La ofensiva había sido preparada con cuidado. A diferencia de los palos de ciego que propinaba en su primer año de mandato, Trump ha aprendido a golpear con mayor precisión y, en este caso, diseñó una escalada visible a cualquier distancia. Primero limitó la importación de lavadoras y paneles solares chinos; luego vetó por “seguridad nacional” que la asiática Broadcom adquiriera por 117.000 millones Qualcomm, el mayor fabricante de procesadores para dispositivos móviles, y finalmente lanzó la estocada arancelaria.

El castigo comercial fue respondido en abril con otro similar por Pekín. Eran los primeros compases de un pulso titánico cuyo desenlace podía afectar a los flujos económicos mundiales. En juego había mucho más que una cuestión tarifaria. El peso de la producción china en la cadena de suministros estadounidenses y las inmensas tenencias de deuda pública norteamericana en manos orientales hacían dudar de que pudiese haber un ganador final. Por el contrario, lo que se vislumbraba era un choque de trenes entre dos economías que representan casi el 40% del PIB mundial y el 23% de la población del planeta.

A este riesgo sistémico se añadía otro factor no menos influyente: la negociación abierta para lograr la desnuclearización del régimen de Pyongyang. China, que absorbe el 90% de las exportaciones de Corea del Norte, juega un papel fundamental en esta partida. Deseosa de rebajar la tensión zonal, ha contribuido a facilitar el cara a cara entre Trump y el líder norcoreano, Kim Jong-un, que se celebrará el próximo 12 de junio en Singapur. Una guerra comercial habría puesto en peligro los equilibrios diplomáticos desplegados por ambas partes y reabierto la espita de una escalada nuclear.

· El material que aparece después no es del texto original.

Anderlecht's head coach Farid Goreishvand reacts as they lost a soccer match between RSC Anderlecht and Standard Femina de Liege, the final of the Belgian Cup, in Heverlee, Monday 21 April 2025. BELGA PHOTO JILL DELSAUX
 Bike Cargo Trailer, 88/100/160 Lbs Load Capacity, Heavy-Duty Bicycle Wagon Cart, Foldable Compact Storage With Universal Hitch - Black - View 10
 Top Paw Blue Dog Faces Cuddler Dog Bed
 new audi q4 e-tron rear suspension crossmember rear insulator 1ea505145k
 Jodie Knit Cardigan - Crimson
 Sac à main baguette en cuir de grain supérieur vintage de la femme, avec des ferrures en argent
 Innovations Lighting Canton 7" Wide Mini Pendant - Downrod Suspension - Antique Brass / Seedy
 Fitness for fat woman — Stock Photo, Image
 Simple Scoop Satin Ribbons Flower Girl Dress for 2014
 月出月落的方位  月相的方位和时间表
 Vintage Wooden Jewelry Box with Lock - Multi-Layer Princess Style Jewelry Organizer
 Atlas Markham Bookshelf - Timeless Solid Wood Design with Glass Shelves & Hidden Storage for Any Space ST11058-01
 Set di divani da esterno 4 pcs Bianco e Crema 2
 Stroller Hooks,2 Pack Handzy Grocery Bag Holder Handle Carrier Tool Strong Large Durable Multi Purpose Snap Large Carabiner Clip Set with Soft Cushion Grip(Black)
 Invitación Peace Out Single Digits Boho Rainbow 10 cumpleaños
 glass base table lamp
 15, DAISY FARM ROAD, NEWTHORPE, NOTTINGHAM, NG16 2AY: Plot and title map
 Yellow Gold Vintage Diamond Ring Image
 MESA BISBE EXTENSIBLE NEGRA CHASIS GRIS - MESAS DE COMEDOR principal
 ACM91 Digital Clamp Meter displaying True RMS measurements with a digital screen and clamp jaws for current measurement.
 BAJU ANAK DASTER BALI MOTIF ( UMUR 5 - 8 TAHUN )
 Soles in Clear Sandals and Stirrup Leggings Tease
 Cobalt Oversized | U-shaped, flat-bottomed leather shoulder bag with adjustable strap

Bajo estas coordenadas, ambas superpotencias han decidido evitar la sangre. Si la tregua es definitiva, todavía nadie lo sabe. Trump es volátil y el odio a China anida en el corazón de su ideología. Un fracaso en Corea del Norte, un vaivén en las encuestas o simplemente un tropiezo en la negociación pueden volver a encender el fuego.